## Listed records
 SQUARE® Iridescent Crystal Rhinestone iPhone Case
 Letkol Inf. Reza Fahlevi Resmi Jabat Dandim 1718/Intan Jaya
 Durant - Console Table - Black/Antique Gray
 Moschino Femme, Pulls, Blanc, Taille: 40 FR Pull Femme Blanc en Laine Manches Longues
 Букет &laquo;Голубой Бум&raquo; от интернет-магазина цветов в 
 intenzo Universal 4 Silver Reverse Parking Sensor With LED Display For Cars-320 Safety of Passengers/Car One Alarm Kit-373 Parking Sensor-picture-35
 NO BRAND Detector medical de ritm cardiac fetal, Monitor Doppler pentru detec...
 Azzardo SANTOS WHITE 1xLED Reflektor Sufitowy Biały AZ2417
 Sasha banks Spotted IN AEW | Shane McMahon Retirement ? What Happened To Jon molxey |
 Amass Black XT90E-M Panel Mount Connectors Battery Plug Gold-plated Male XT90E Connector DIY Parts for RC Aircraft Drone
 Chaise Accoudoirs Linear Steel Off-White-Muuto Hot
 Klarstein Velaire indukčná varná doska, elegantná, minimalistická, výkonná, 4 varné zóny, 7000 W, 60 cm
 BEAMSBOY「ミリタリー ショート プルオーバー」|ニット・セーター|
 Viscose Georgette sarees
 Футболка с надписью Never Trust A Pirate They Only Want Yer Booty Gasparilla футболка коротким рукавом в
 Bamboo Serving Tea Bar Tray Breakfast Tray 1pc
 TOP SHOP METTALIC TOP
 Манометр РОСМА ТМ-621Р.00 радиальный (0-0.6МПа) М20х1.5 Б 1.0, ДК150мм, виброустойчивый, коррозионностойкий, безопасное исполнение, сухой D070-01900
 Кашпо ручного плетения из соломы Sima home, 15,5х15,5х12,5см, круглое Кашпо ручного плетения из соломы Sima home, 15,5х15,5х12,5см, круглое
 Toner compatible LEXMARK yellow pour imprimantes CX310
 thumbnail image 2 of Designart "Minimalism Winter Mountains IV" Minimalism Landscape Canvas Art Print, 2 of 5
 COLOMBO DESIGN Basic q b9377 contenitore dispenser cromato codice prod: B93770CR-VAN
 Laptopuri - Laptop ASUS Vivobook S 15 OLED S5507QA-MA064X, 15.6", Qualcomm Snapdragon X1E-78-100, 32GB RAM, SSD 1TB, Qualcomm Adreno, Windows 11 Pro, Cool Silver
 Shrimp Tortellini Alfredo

## What is expected
Output only the lines that run from the one containing "COLOMBO DESIGN Basic" through the last line of the material above, both included.

## Finished task
 COLOMBO DESIGN Basic q b9377 contenitore dispenser cromato codice prod: B93770CR-VAN
 Laptopuri - Laptop ASUS Vivobook S 15 OLED S5507QA-MA064X, 15.6", Qualcomm Snapdragon X1E-78-100, 32GB RAM, SSD 1TB, Qualcomm Adreno, Windows 11 Pro, Cool Silver
 Shrimp Tortellini Alfredo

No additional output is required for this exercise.